24
Une odeur n'avait jamais quitté l'air de Montpellier, mais Hugo l'avait oubliée. Non, il ne l'avait pas oubliée, il s'y était parfaitement habitué. Mais à présent qu'il était au sommet de la ville, il comprit pourquoi la ville puait le brûlé et qu'il ne le sentait presque plus.
Des centaines de colonnes de fumées s'élevaient dans le ciel. Il y en avait des blanches, des grises et aussi les plus toxiques les noires. Hugo ne voyait pas exactement ce qui pouvait déclencher autant de foyers d'incendie. En fait, si on pensait que les pompiers avaient disparu comme tout le reste de la population et que justement le reste de la population se comportait sans la moindre logique tout devenait rapidement clair. Il se pouvait que l'incendie touche toutes les parties de la ville mais Hugo en doutait franchement.
Jusqu'à maintenant, il avait pensé avoir vécu le pire : les monstres du resto u, la mort d'Eddie, la folie de la faculté de droit, la survie dans les rues de Montpellier, le racisme dans la maison de Robert et la mort de tous ses amis durant la sortie. Hugo ne s'attendait qu'à du bonheur à présent. Certes il se doutait que le bonheur ne durerait pas, mais il ne se serait jamais attendu à ça...
Planté au milieu du ciel qu'il pouvait presque toucher du doigt, Hugo transpirait par tous les pores de sa peau. Il essayait de reprendre un semblant de souffle, tout en mettant en route son cerveau engourdi pour pouvoir comprendre ce qu'il se passait vraiment devant ses yeux.
L'arme à la main pour Émilie et la larme à l'œil pour Sonia, les deux jeunes femmes n'attendaient plus qu'Hugo pour commencer le dernier acte. Sonia ne voyait pas son bourreau, Émilie avait bien pris soin de se mettre derrière la corpulente petite copine d'Hugo.
Il n'y avait aucune option pour ce dernier excepté le dialogue. Il ne voyait pas clairement Émilie et en plus il avait son arme dans une poche.
« Tu es enfin arrivé, dit Émilie avec une voix qui glaçait le sang.
-C'est quoi ce plan ! L'hélicoptère va arriver d'une minute à l'autre !
-J'en ai rien à foutre de cet hélicoptère. »
Sonia se mit à sangloter doucement tandis qu'au loin le soleil apparaissait enfin. Pourquoi cette aurore semblait-elle aussi rouge ?
« Ferme-la ! Cria Émilie en collant son arme sur le crâne de la jeune femme.
-Qu'est-ce que tu veux Émilie ?
-Je veux parler et je veux que tout redevienne comme avant !

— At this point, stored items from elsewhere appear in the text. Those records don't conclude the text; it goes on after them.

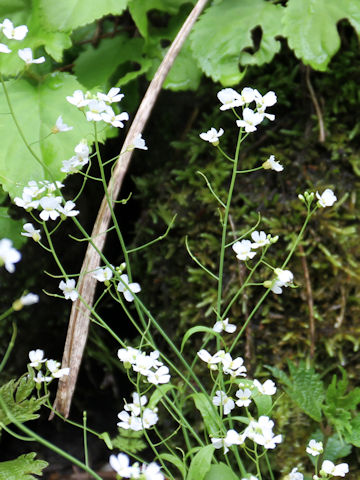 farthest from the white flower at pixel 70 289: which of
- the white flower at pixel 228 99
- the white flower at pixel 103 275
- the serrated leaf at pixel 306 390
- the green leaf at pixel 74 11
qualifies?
the green leaf at pixel 74 11

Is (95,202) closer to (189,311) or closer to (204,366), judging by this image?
(189,311)

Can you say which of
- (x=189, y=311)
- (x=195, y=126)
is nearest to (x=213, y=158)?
(x=195, y=126)

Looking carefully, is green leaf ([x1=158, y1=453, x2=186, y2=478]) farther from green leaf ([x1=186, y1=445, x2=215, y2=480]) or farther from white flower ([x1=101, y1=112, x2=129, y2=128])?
white flower ([x1=101, y1=112, x2=129, y2=128])

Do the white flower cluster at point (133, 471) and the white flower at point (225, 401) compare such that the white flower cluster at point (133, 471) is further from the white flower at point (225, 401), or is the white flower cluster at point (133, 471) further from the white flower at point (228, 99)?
the white flower at point (228, 99)

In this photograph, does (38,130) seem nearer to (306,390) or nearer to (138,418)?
(138,418)

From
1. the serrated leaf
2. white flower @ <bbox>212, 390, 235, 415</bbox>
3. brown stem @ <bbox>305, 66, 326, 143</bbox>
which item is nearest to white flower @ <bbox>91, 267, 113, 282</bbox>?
white flower @ <bbox>212, 390, 235, 415</bbox>
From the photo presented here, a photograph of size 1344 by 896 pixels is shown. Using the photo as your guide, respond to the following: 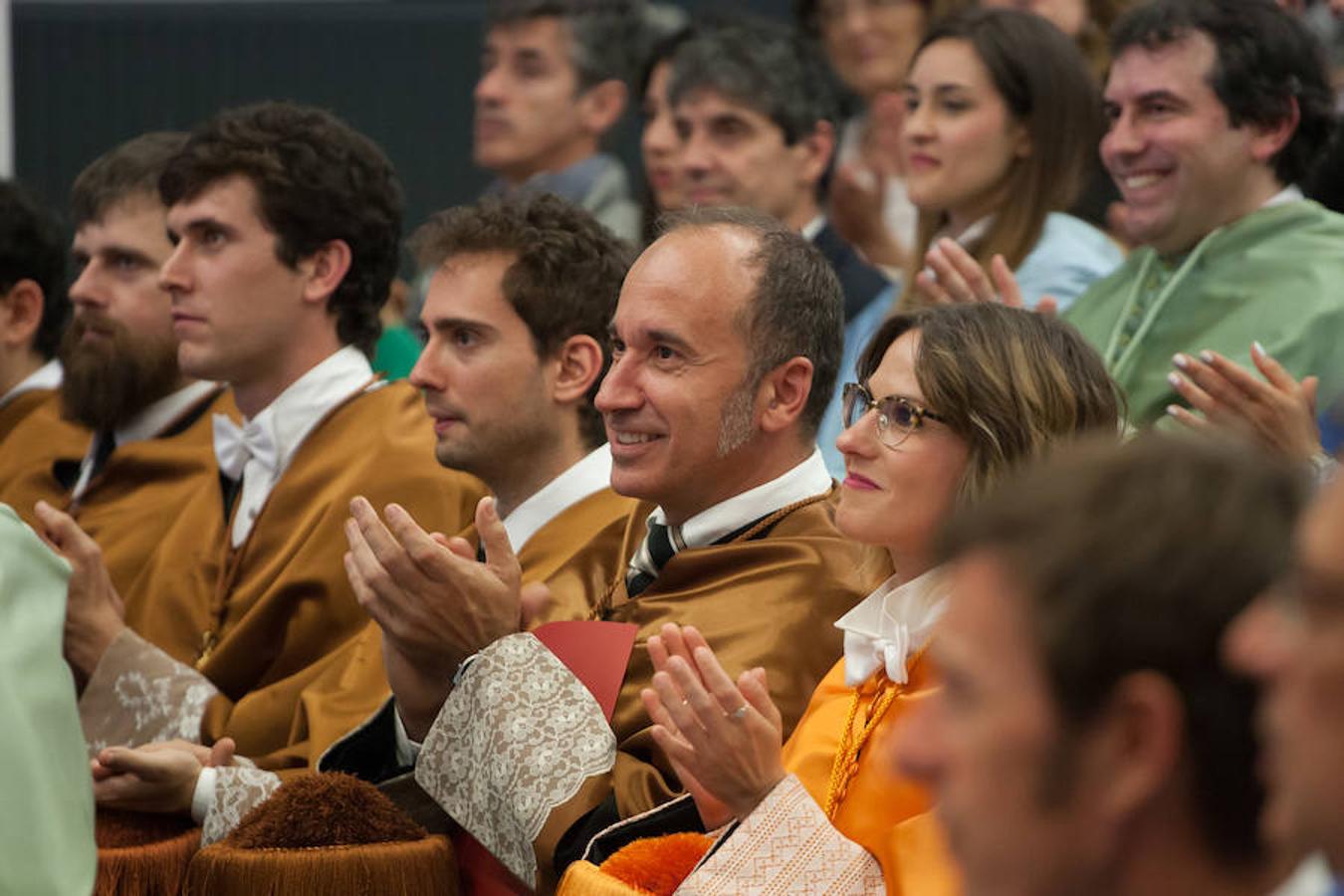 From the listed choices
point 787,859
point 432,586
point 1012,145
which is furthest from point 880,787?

-Le monde ne sera plus comme avant, les monstres ont envahi la plupart des grandes villes de la planète.
-Je ne te parle pas de ça, crétin ! »
Hugo avait la tête qui bouillonnait, à quoi la jeune femme pouvait-elle faire référence ? Peut-être parlait-elle de Rémi ?
« Rémi est mort, je ne peux pas te le rendre, tuer Sonia ne changera rien.
-CE N'EST PAS ÇA ! Hurla la jeune femme. »
Pourquoi pointait-elle une arme sur Sonia ? Qu'avait-elle à voir dans cette histoire ? Les idées s'embrouillaient. Plus les secondes passaient et moins il voyait de solution logique.
« Tu as toujours été un crétin Hugo ! Tu ne m'as jamais plu...
-Toi non plus Émilie.
-Ferme ta putain de grande gueule ! » Entendre Émilie avec ce vocabulaire à la bouche était assez déstabilisant pour un Hugo qui avait toujours vu en elle une égérie de la classe et de la politesse.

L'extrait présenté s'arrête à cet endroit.